Brief: In the material below, find the line with "131 Glen Ln gallery image 14" and the line with "2018 Yamaha MT-09". Output exactly those two lines and all lines between them, leaving out pictures.

Records shown:
= = = =
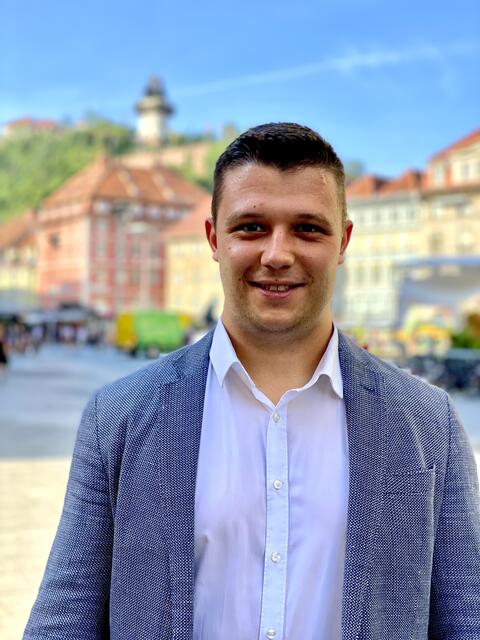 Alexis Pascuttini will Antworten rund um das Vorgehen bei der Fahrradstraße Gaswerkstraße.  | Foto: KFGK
= = = =
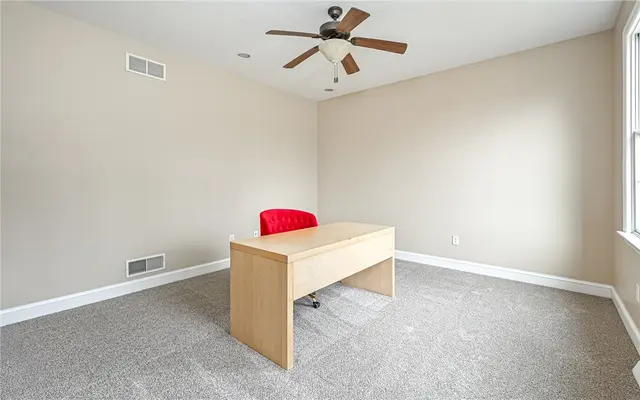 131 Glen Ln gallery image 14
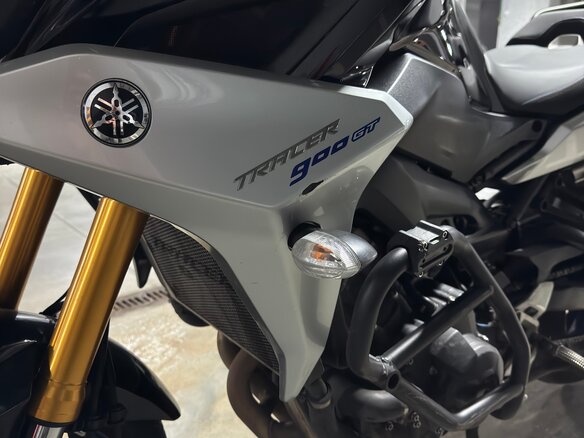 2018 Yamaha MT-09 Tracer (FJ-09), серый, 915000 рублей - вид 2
= = = =
Solved exercise:
 131 Glen Ln gallery image 14
 2018 Yamaha MT-09 Tracer (FJ-09), серый, 915000 рублей - вид 2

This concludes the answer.